Game Development Community

Network lost (strange behaviour)

by Fyodor -bank- Osokin · in Torque Game Engine · 04/01/2007 (2:39 pm) · 12 replies

Hi.
This "bug" exists since I started playing with Torque (1.3, but still exists in TGE1.5)... But, not sure if it's a real "bug"..

Let me tell you how to reproduce it and what is at the end, and you will get whole idea.

#. Start dedicated server.

#. Start client and connect to the server.

#. Start dragging the Client window around the desktop for a second or two, and, after you release your mouse, you will see (or not see, only happens sometimes) the "Lag Icon".

This could happen if you switch to another application and then back to Torque Client.

BUT, the most interesting thing here, that the client STILL receive commands from server. Try to ping the client with MessageAll() command - the client will display the message (though, not instantly), so it means that connection still exists. But the client "thinking" that connection get lost. So, sending messages to server will not work.

(Pressing "N" to see the network stats will not display anything, like there is no network, but RARELY it could jump in a moment like in a short time the network is still "there").

You can have running the client in this mode forever, the server will not disconnect it by timeout, nor the client get disconnected..

As I can see, you can't really debug this...

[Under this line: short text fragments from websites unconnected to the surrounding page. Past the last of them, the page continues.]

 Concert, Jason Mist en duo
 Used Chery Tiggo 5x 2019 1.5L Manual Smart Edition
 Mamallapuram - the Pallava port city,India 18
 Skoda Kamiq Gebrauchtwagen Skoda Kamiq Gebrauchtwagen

Anyone knows anything? Any network-guru around here?
I'm open for discussion, any tests, etc..

#2
10/20/2007 (12:35 pm)
Update: it has something to do with the memory.
If the "client" uses more memory (or actively calculating something) the more chances to get this behaviour. Freeing up more memory in OS can improve it also..
I'll try disabling TMM (memory manager) and see what happens.

P.S. Still looking for someone who seen that and *possibly* knows where to look for solving that.
#3
10/20/2007 (2:01 pm)
It's probably using up enough CPU power to slow the network code down
enough that it loses synchronization with the server. Not sure what could
be done to fix it. I've always played full screen, so haven't noticed it, and
at the moment can't duplicate this.
#4
10/20/2007 (5:04 pm)
@Kevin:
I've traced the CPU usage, and it there is enough "resources" left, so I don't think it can be related. But anyway, it doesn't explain the "one-way connection" behaviour.

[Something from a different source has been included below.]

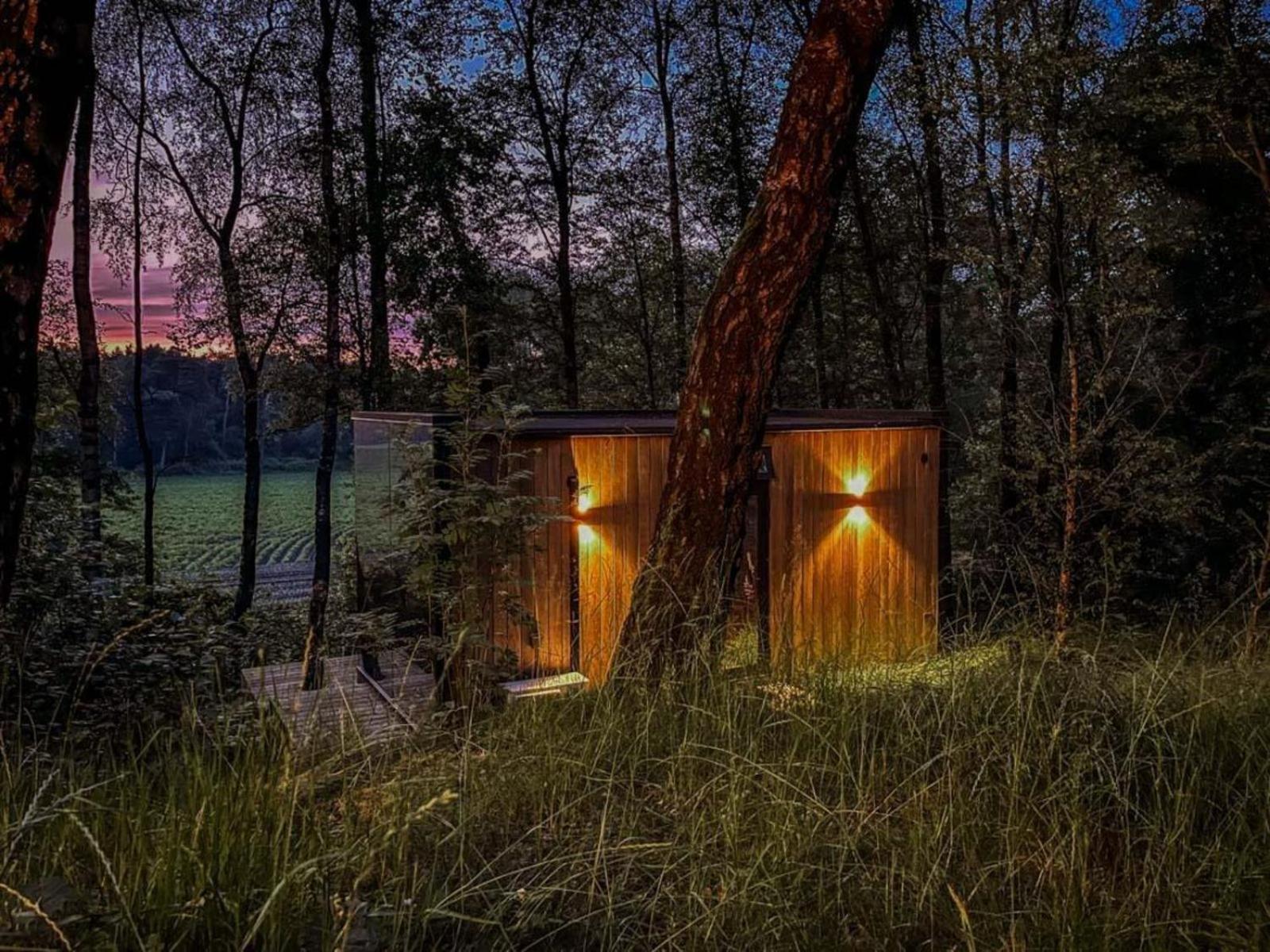 Resort Wilsumer Berge ภายนอก รูปภาพ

I've disabled TMM, and so far I was unable to reproduce that... So, it looks like memory-related issue.
Will run more tests to be sure.
#5
10/21/2007 (4:09 pm)
Okay. with disabled TMM I don't get that "network looses", but I have another problem that forces me to rollback the changes.. From time to time, the torque hangs for a second, like it's loading something. If I run around a lot, it will appear like once or twice in a second.

Anyone who played with TMM around? Any advices? :)
#6
10/21/2007 (4:25 pm)
(removed so I don't feel so stupid..)
#7
10/21/2007 (4:29 pm)
Torque Memory Manager can be disabled by adding the following line at the top of platform/platform.h after all includes:
#define TORQUE_DISABLE_MEMORY_MANAGER
#8
12/03/2007 (1:10 am)
Just to say that I'm having the same problem, and still looking for a solution. However, I noticed that, when frozen, the method ProcessList::advanceClientTime() in gameProcess.cc always goes into this conditional around line 110:

GameConnection* connection = GameConnection::getConnectionToServer();
   if (connection)
   {
      // If the connection to the server is backlogged
      // the simulation is frozen.
      if (connection->isBacklogged()) {
         mLastTime = targetTime;
         mLastTick = targetTick;
         PROFILE_END();
         return false;
      }
      if (connection->areMovesPending())
         control = connection->getControlObject();
   }

It always detects backlogging and returns false.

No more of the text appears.